The evolution of biologicals started in the 1980s. Since then the rapidly evolving better understanding of biochemical and pathophysiological processes in the human body and progress in biologicals' development led to the arrival of more complex biologicals. In current medicine biologicals are essential treatment options for a variety of disease. The widespread use of these molecules, and the loss of patents enabled the advent of biosimilars of originator biologicals in 2006. This, on the one hand contributed the better access to therapies with biologicals but also led to an increased complexity when it comes to decision-making about the choice of medicines, interchangeability, switching, usage and monitoring of biologicals.

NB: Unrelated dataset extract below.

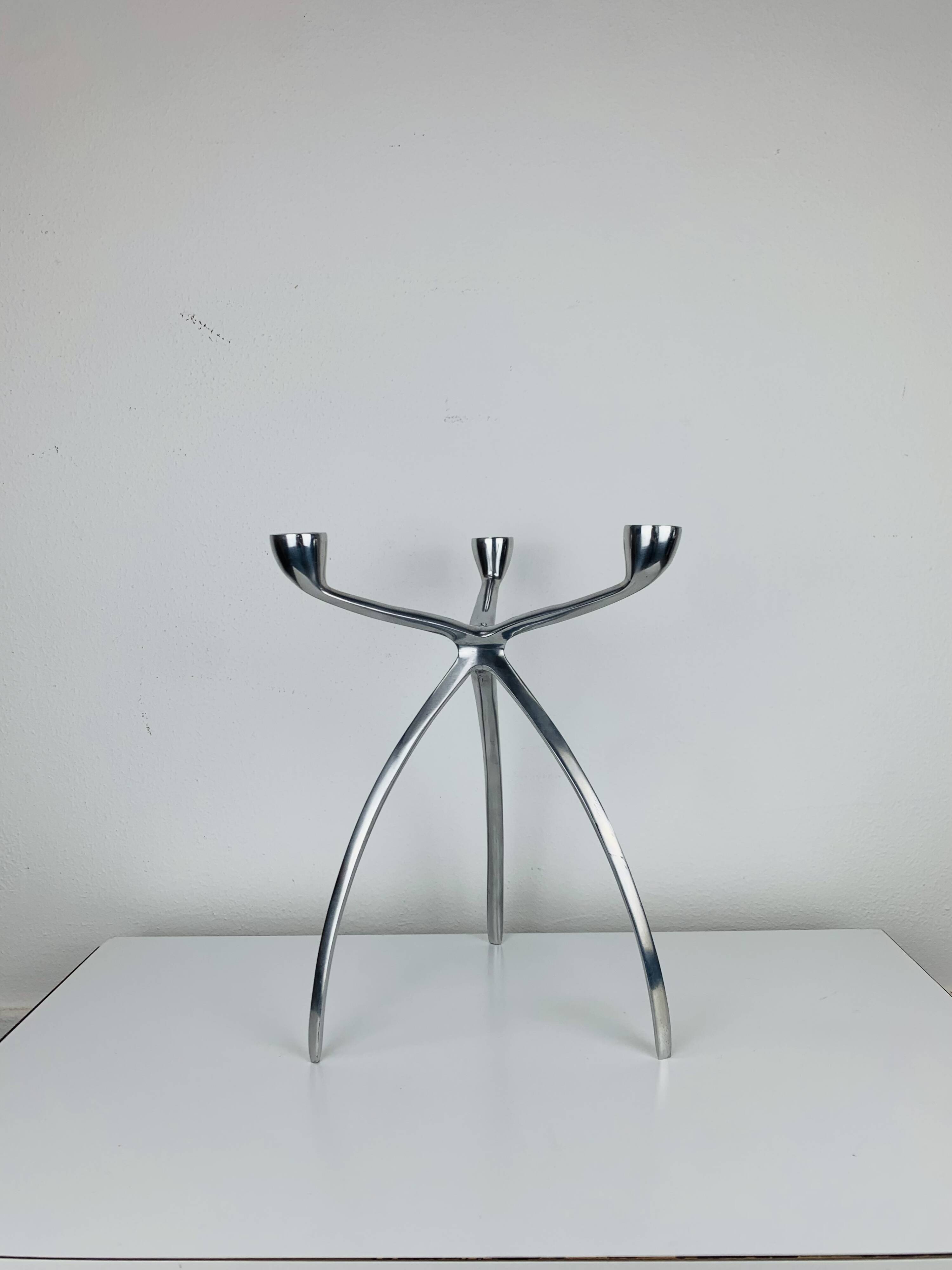 Space Age tripod candle holder by De Bijenkorf in aluminum, 1970s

Hospital pharmacists have always accompanied and monitored these advancements of the therapeutic spectrum and contributed to the spread of knowledge about biologicals and debunking myths about biosimilars. Key topics in the field of biologicals are quality and safety-related aspects, clinical aspects and economics aspects. These three main topics will be addressed in the perspective of past developments, the present situation and future challenges.

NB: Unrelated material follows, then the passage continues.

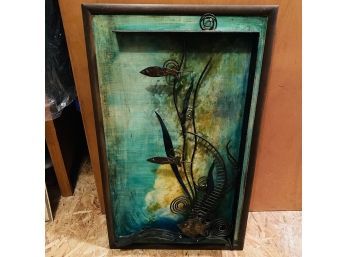 Painted And Metalwork Seascape Wall Art Piece (Upstairs Hall Closet)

After the synergy session, the participant should be able to:
Recall major quality criteria of biologicals;
Recap the biosimilar concept with regard to the development and authorization procedure;
List facts about the economic impact of originator biologics and biosimiliars and their influence with regard to equitable medicines access; and,
Outline the issues of switching and interchangeability of biologicals.
Educational need addressed As hospital pharmacists are responsible for selecting and assessing biologicals and biosimilars and monitoring their use, they need to have an in-depth understanding of key principles regarding quality, safety and efficacy.